Sabuj Shahar Mela, a two-day offering of folk cultures of Bengal and Jharkhand, will kick off at Jamshedpur’s Sabuj Kalyan Sangha grounds on January 25.
In its 19th edition now, the fair will be held at the Telco address like it was last year. Earlier, it used to be held at Aambagan grounds, Sakchi.
This year, hosts feel the biggest draw will be Kartik Das Baul. This celebrity folk singer and his seven-member troupe, will enthral the audience with mystic numbers. The fair will also be a platform where Bauls will meet a band, the Calcutta-based GeNext group called Prachir.

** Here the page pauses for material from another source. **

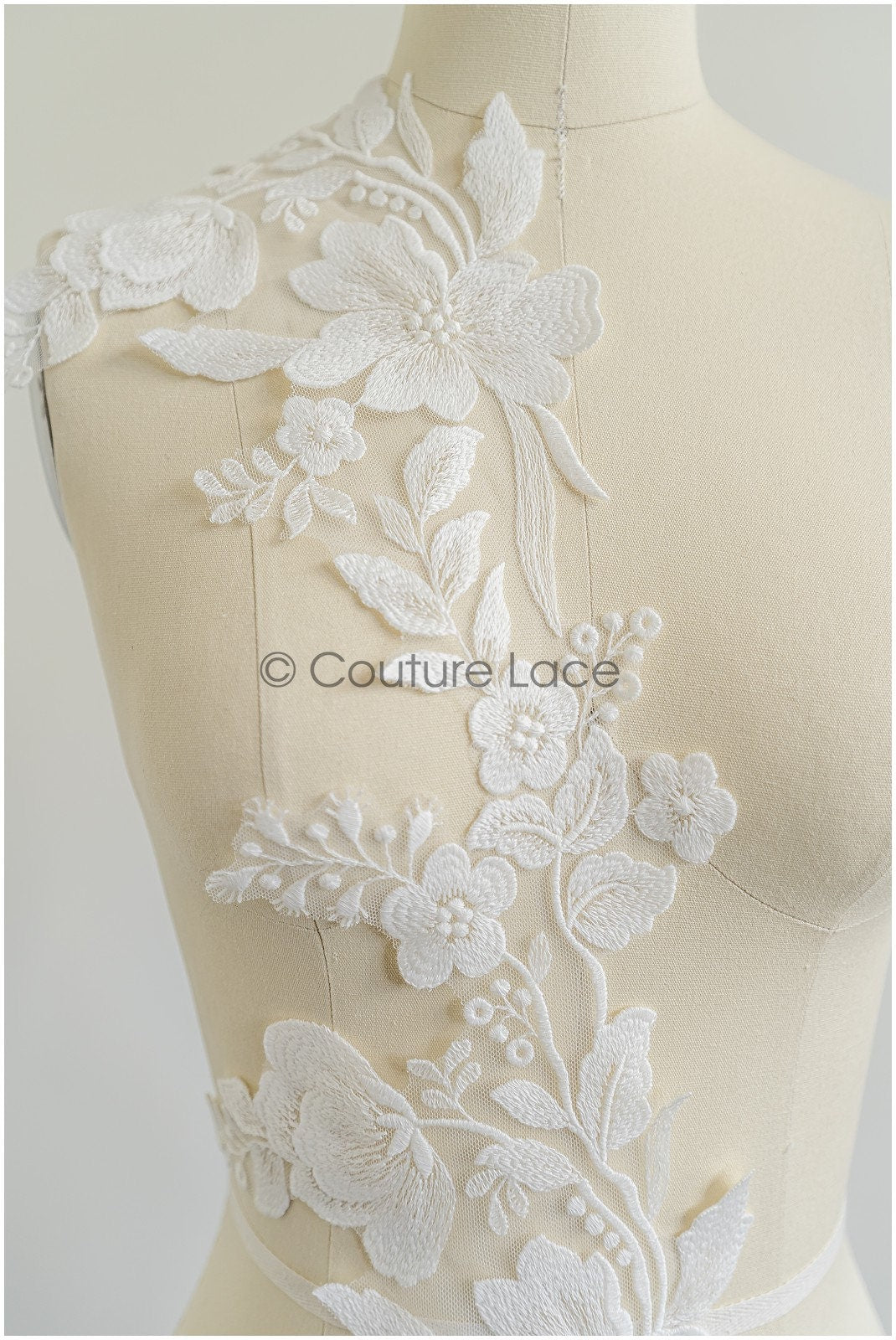 Lace trim off-white/ wedding lace trim/ floral lace trim/ bridal veil lace trim// T22-184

“We want to promote folk culture of both Bengal and Jharkhand, give the present generation brought up on a diet of Bollywood and television the chance to experience the offbeat. We want youngsters to know their roots,” said Achintam Gupta, president of Shahar Mela Committee, which is teaming up Sabuj Kalyan Sangha for the fest.
Kartik Das Baul has performed at the India Festival in Washington DC way back in 1985. He has sung in Atlantic City for Banga Sammelan and in Hiroshima for the Wall Festival. He is also a regular face of the Bengali fusion band Oikyotan with ex-Krosswindz singer, Bonnie.
Baul is a folk music genre that encompasses Vaishnavite and Sufi elements. The genre had a profound influence on Rabindranath Tagore. Besides Baul, the fair will have Rabindra Sangeet, Nazrulgeeti, modern Bengali songs, Purulia Chhau and dance dramas.
And after gorging on culture, there’s also the chance to tuck into some delicious Bengali cuisine. From machher jhol (fish curry) to begun bhaja (deep-fried aubergines) to Makar Sankranti fare such as traditional peethe and puli (kind of dumplings stuffed with grated coconut or thickened milk) and payesh (a traditional rice-and-milk dessert), the fair will offer foodies plenty of choice. In keeping with the taste of the times, it will also have Chinese and fried snacks.
“But the musical treat is the main draw,” said Gupta.
Last year, the fair had witnessed a footfall of 1,500 per day. People had also flocked to food counters for the homely steamed rice, lentils, machher jhol and sweets.